The Energy Department is at risk of missing the 2018 deadline to ship all transuranic waste at the Idaho National Laboratory out of the state, a senior official said recently.
That comes even as the agency has increased its pace of shipments to the Waste Isolation Pilot Plant in New Mexico for permanent disposal, Energy Department Idaho Cleanup Project Deputy Director Jack Zimmerman said during a Jan. 31 presentation in Boise to the Leadership in Nuclear Energy (LINE) Commission. He didn’t offer any details.
Under a 1995 legal settlement agreement with the state, DOE is required to ship all transuranic waste at the Idaho National Laboratory out of the state by Dec. 31, 2018. INL had shipped about 55,000 of the 65,000 cubic meters of the waste material by early 2014.

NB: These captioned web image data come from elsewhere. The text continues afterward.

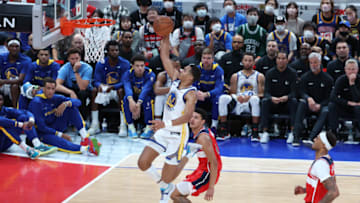 SAITAMA, JAPAN - OCTOBER 02: Jordan Poole #3 of the Golden State Warriors drives to the basket during the Washington Wizards v Golden State Warriors - NBA Japan Games at Saitama Super Arena on October 02, 2022 in Saitama, Japan. NOTE TO USER: User expressly acknowledges and agrees that, by downloading and or using this Photograph, user is consenting to the terms and conditions of the Getty Images License Agreement. (Photo by Takashi Aoyama/Getty Images)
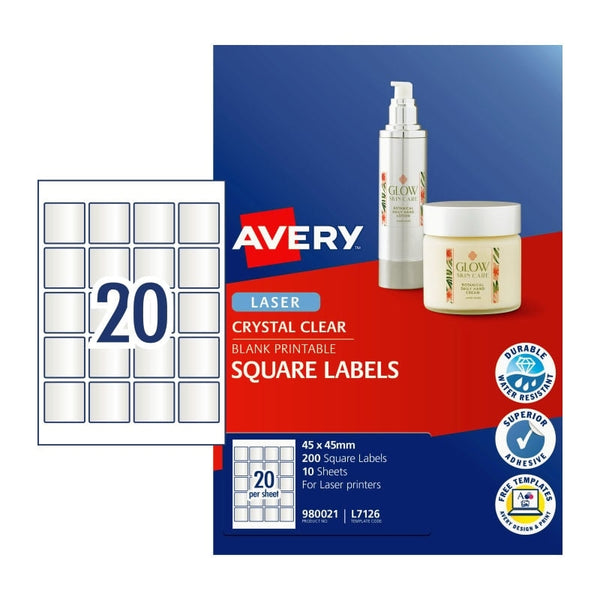 Avery #980021 Crystal Clear Laser Square Labels 20UP 45 x 45mm - L7126 (100 Labels/10 Sheets)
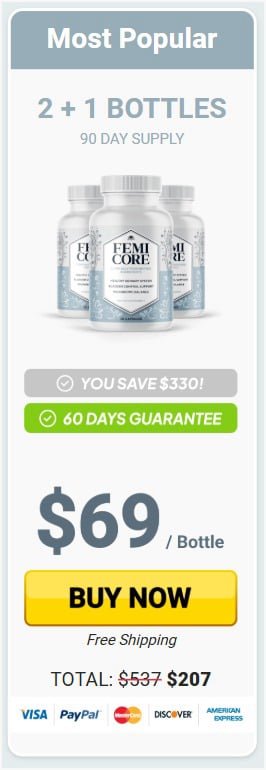 femicore 3bottle 90day package image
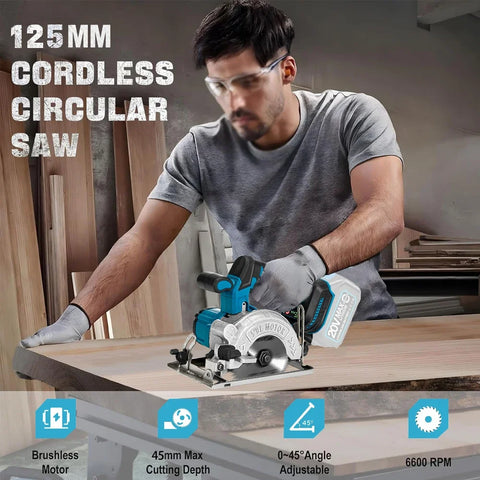 5 Inch 125MM Brushless Electric Circular Saw Hand Push Saw Multifunctional Woodworking Cuttiing Tool for Makita 18V Battery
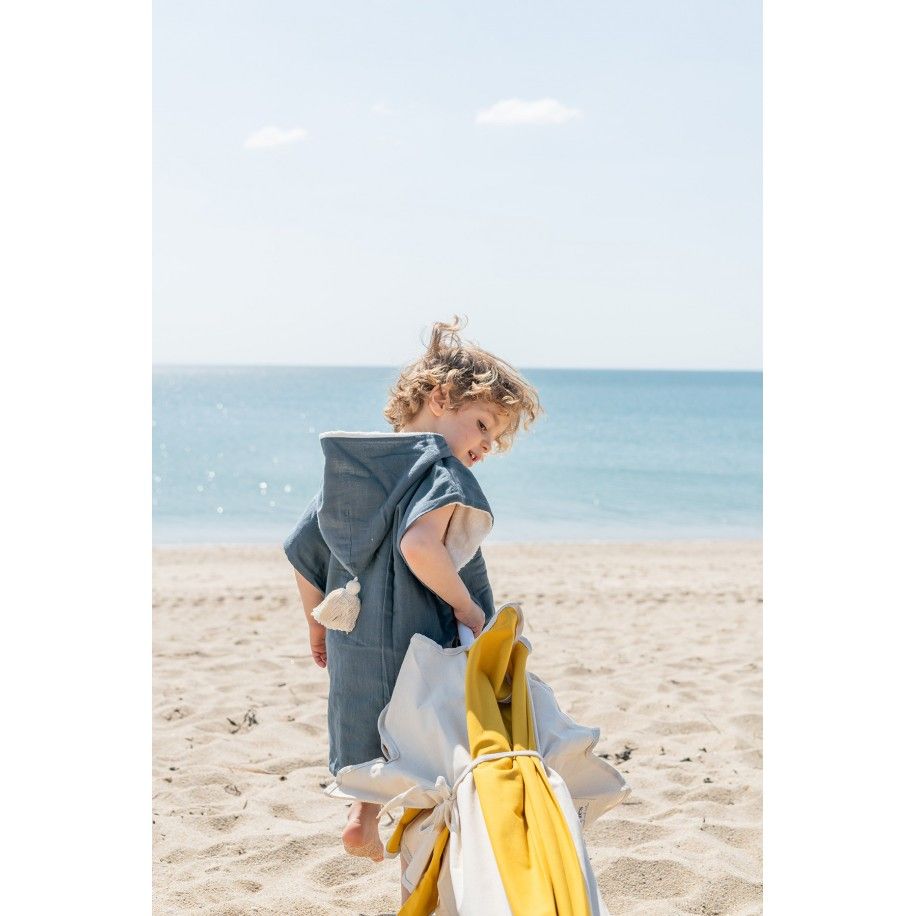 poncho uni enfant en lange de coton personnalisable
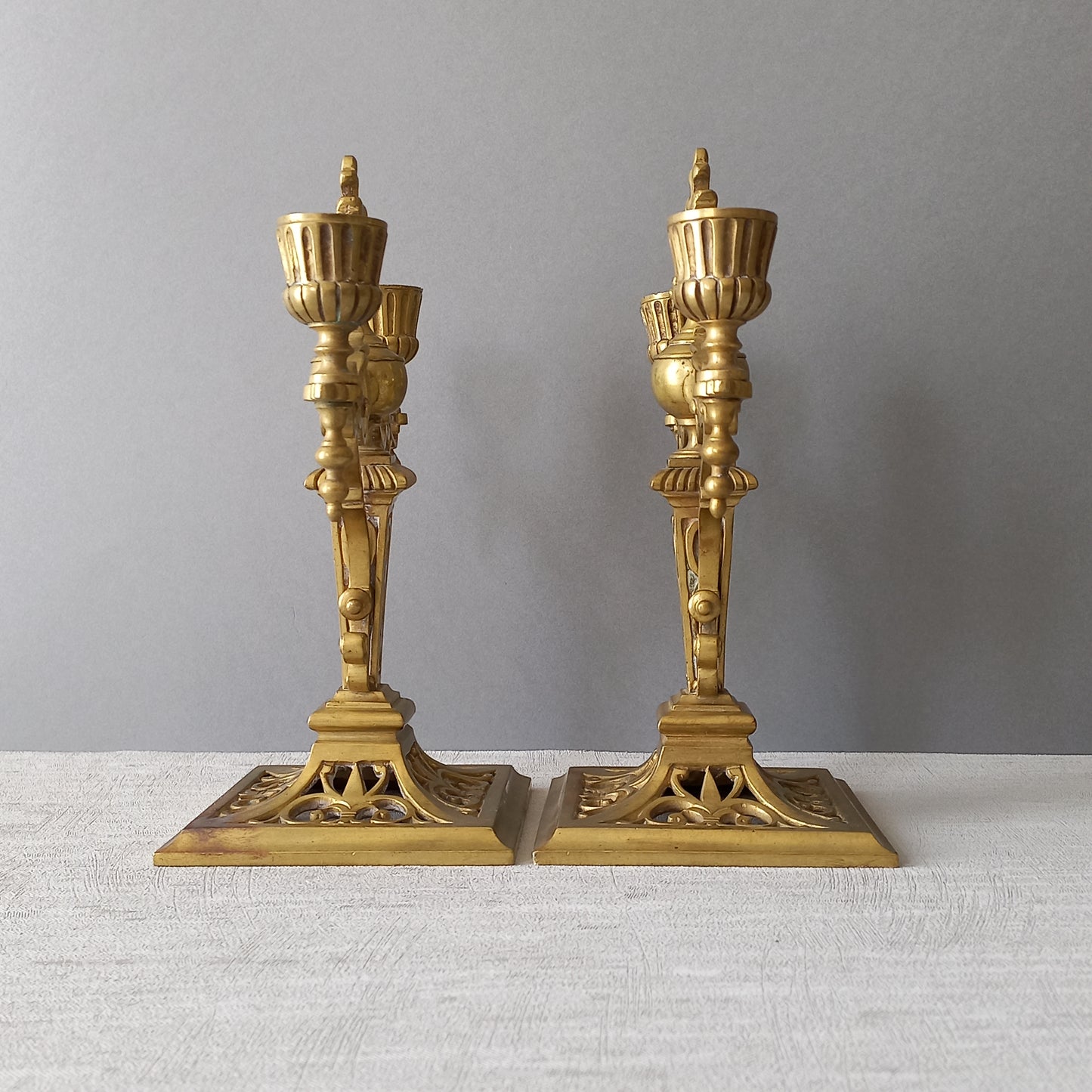 Pair of French Antique Brass Candle Holders, Decorative Candelabras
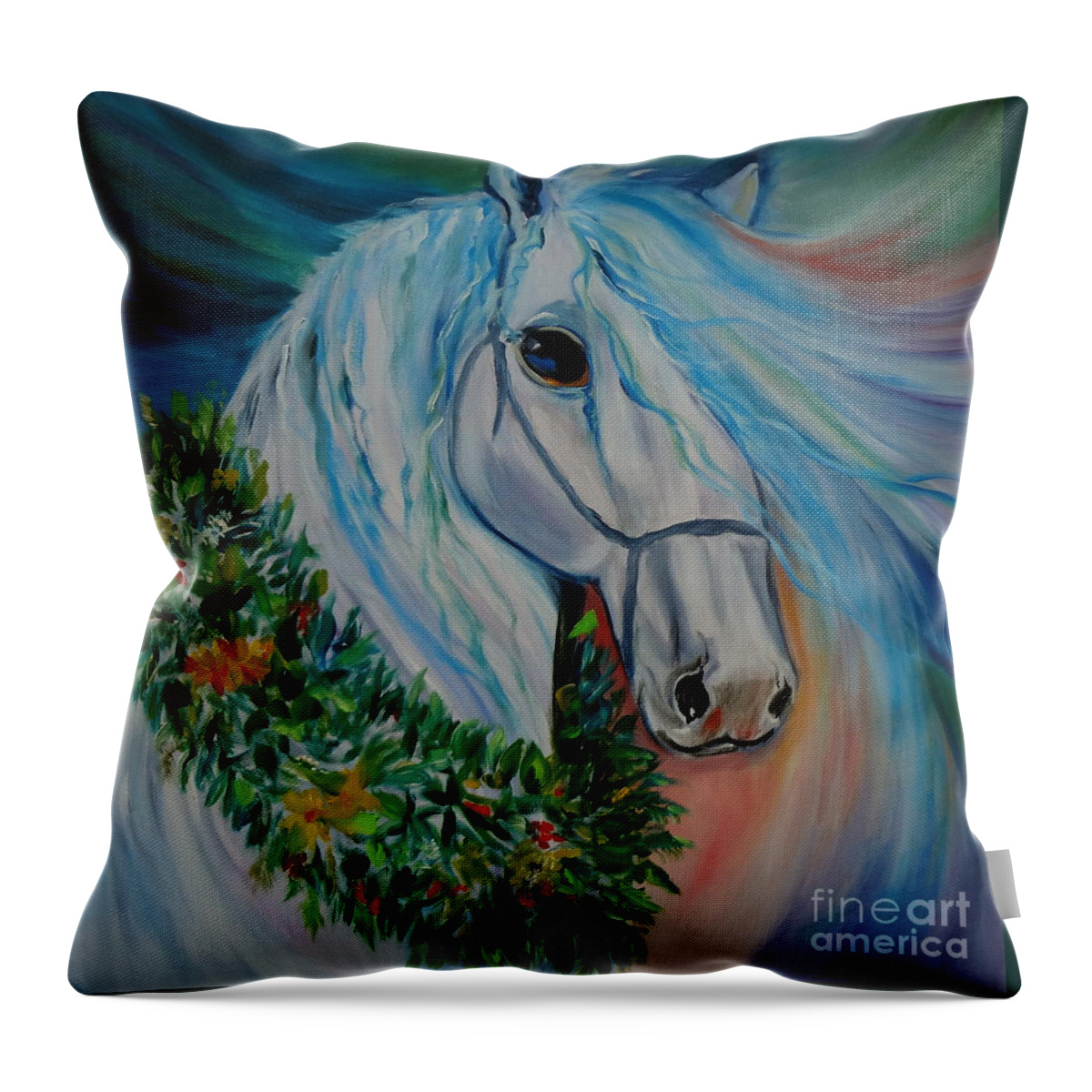 Horse Throw Pillow featuring the painting Paniolo Horse Jenny Lee Discount by Jenny Lee
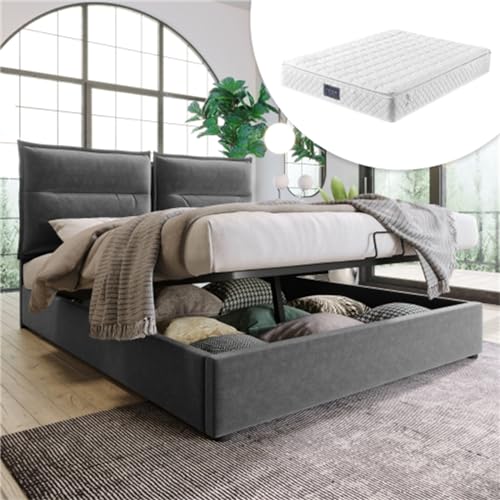 Hydraulisches Doppelbett Mit Verstellbarem Kopfteil Und Stauraum, Gepolsterter Bettrahmen, Metalllattenrost, Modernes Design, Optionaler Matratzenkauf(Size:Grey Mattress)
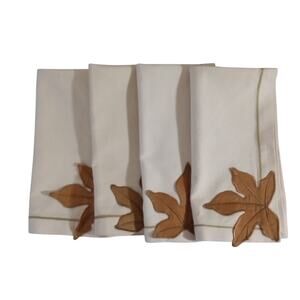 Williams Sonoma Leaf Applique Dinner Napkins Cotton Cream Autumn Fall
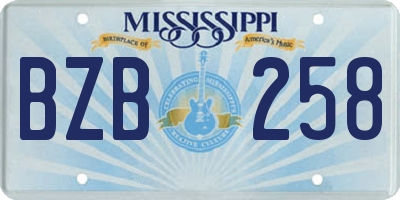 MS license plate BZB258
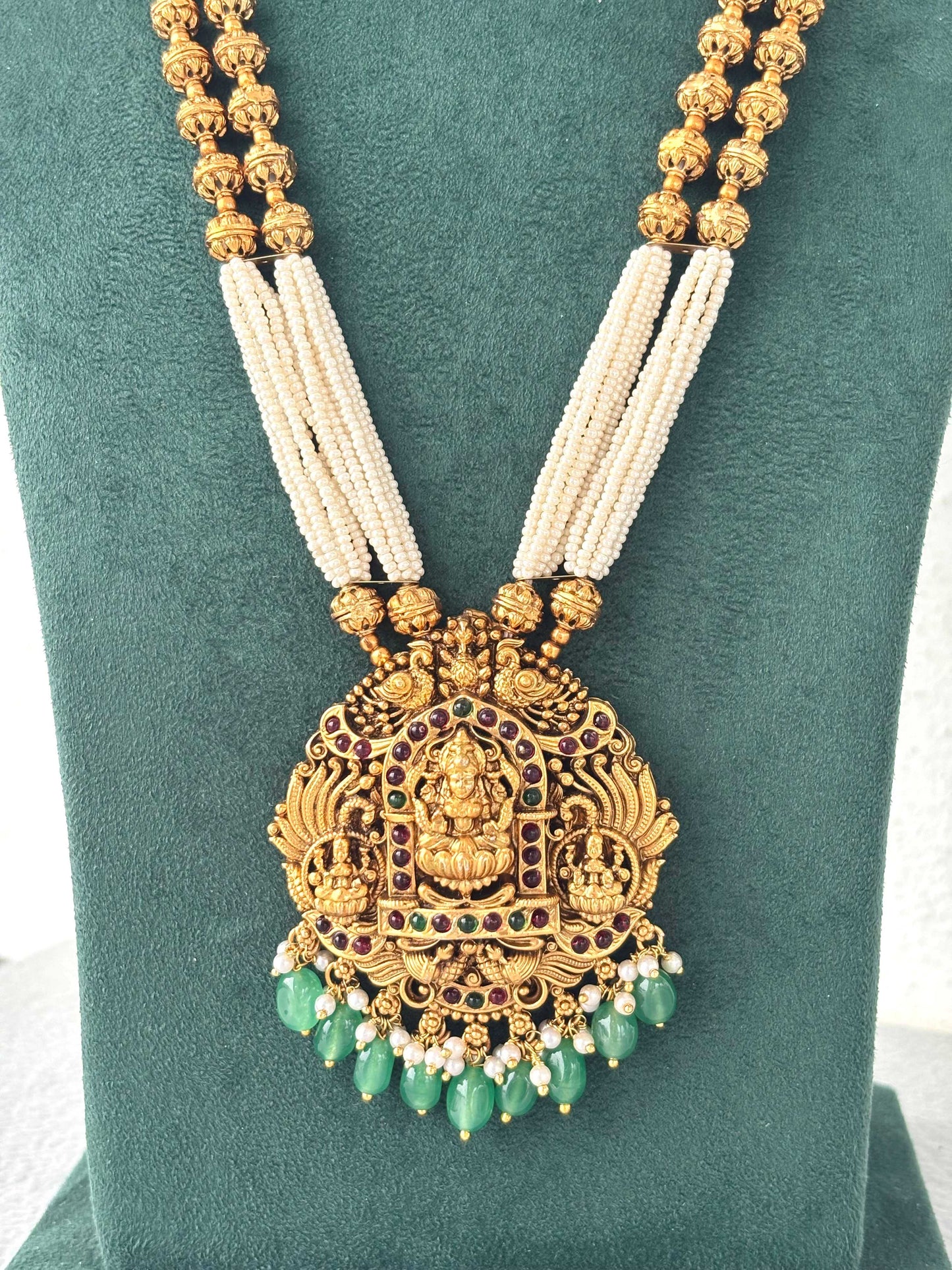 Pearl Seed Beads with Lakshmi Pendant Necklace
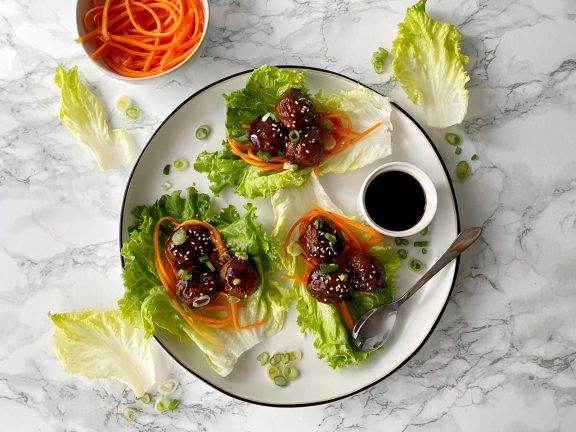 Glazed Pork Meatball Lettuce Wraps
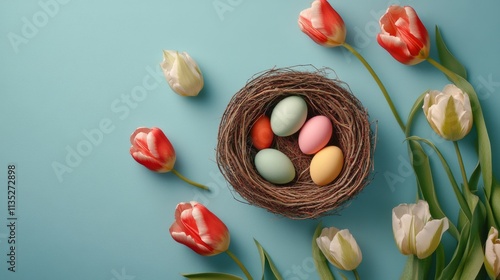 Easter eggs and fresh tulips on a blue background celebrate spring vibes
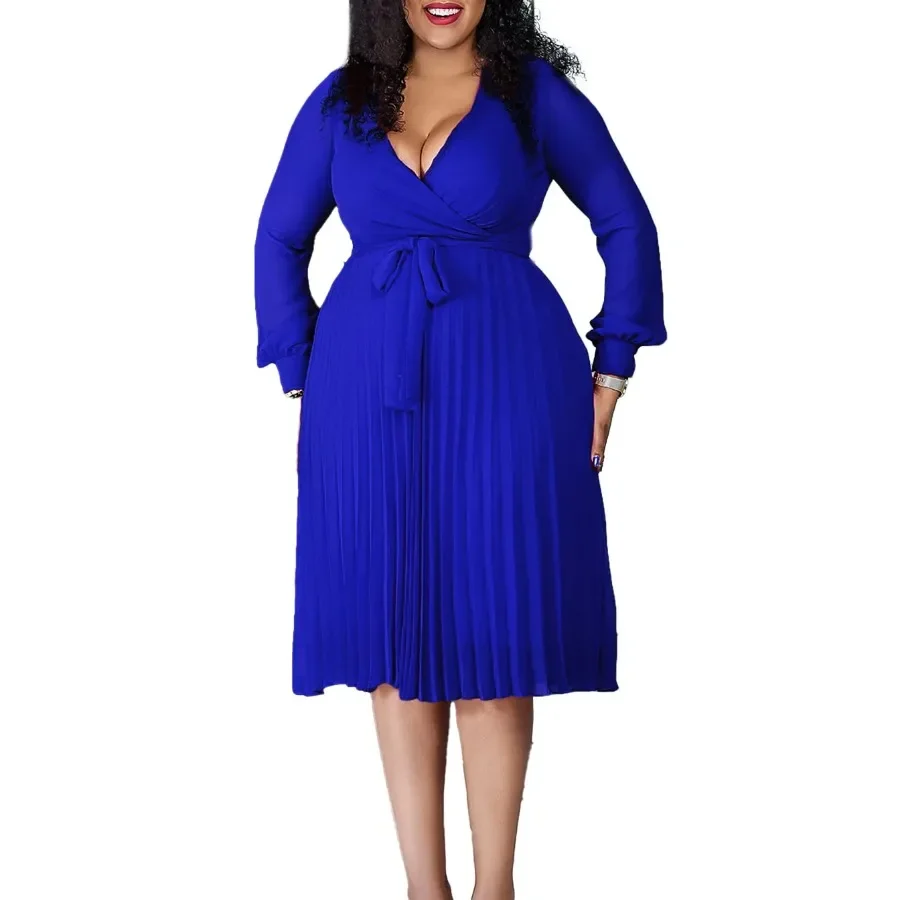 Plus size primavera nova cor sólida combinando cinto com decote em v 3/4 mangas moda deslocamento fino ajuste comprimento médio vestido estilo elegante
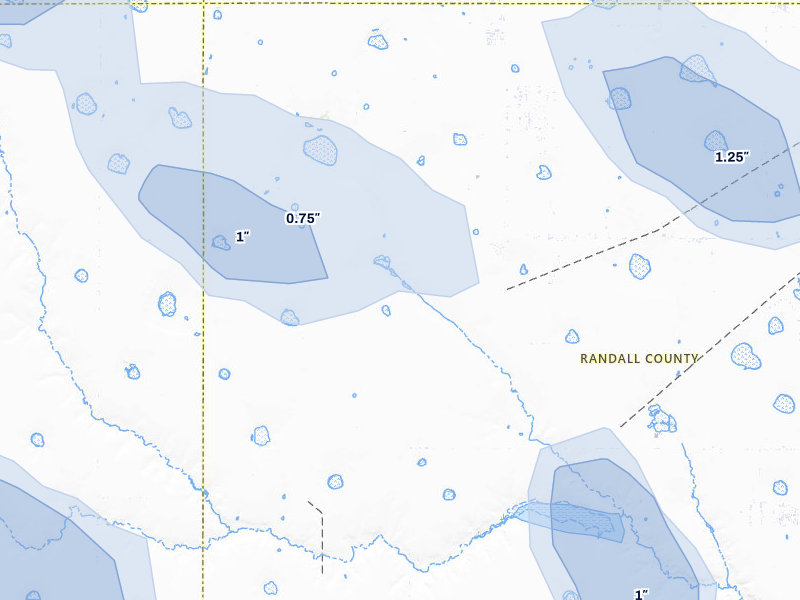 NEXRAD radar-signature map of the hail storm over Wildorado, TX on Aug 20, 2026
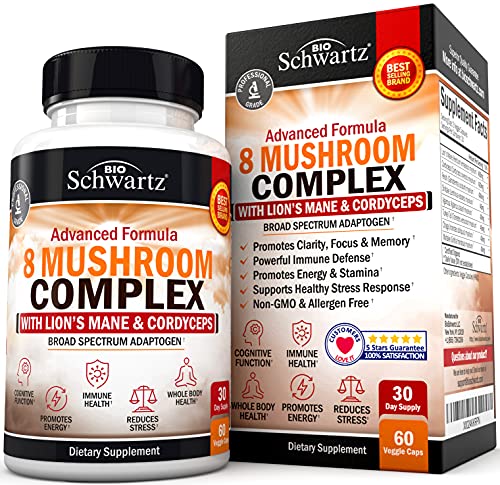 Book Cover Organic Mushroom Complex with Lions Mane & Cordyceps - Beta Glucan Supplement for Immune Response & Memory Support - Nootropic for Energy, Focus, Clarity, Stamina, and Stress Relief - 60 Capsules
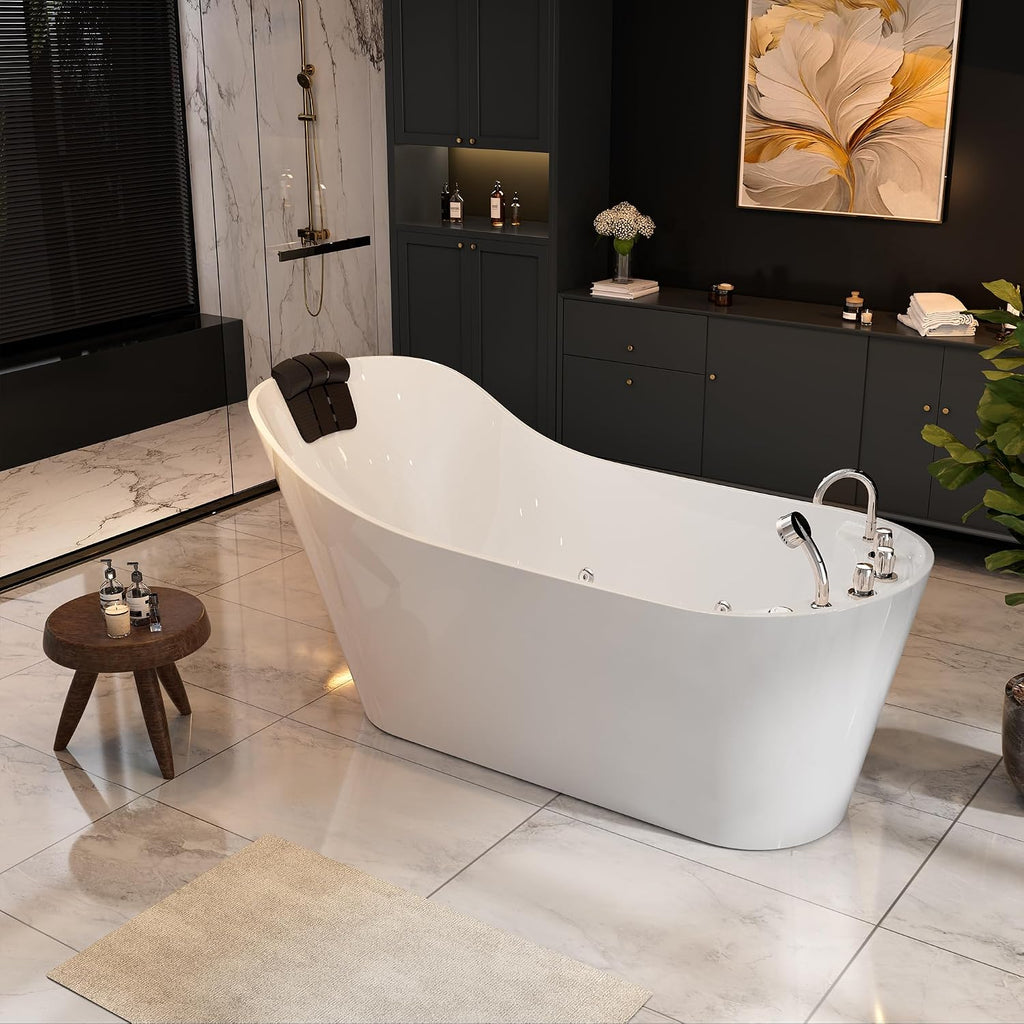 Empava 67'x 30' Freestanding Whirlpool Tub,560W Stand Alone Jetted Bathtub,Slipper Shape with Lumbar and Cervical Support, with 110V Power Plug, ETL Certified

However, waste shipments to WIPP from across the DOE complex were halted for more than three years following a pair of February 2014 accidents in the underground disposal site. Shipments resumed last April.
“The requirement to meet a 2,000 cubic meter running average of shipping TRU to WIPP was missed after WIPP shut down and does not look likely to be met in the future,” Susan Burke, the Idaho Department of Environmental Quality oversight coordinator for INL, said by email Tuesday.
Burke was not certain of the total amount of TRU waste yet to ship out of Idaho. An INL spokesperson, Sarah Neumann, said she did not immediately know the amount either.
The Idaho National Laboratory accounted for 88 of the 133 TRU waste shipments received by WIPP in 2017. In addition, eight of the first 13 shipments sent to WIPP during January came from INL. WIPP had received 13 shipments this year as of Jan. 25, according to the latest publicly available data.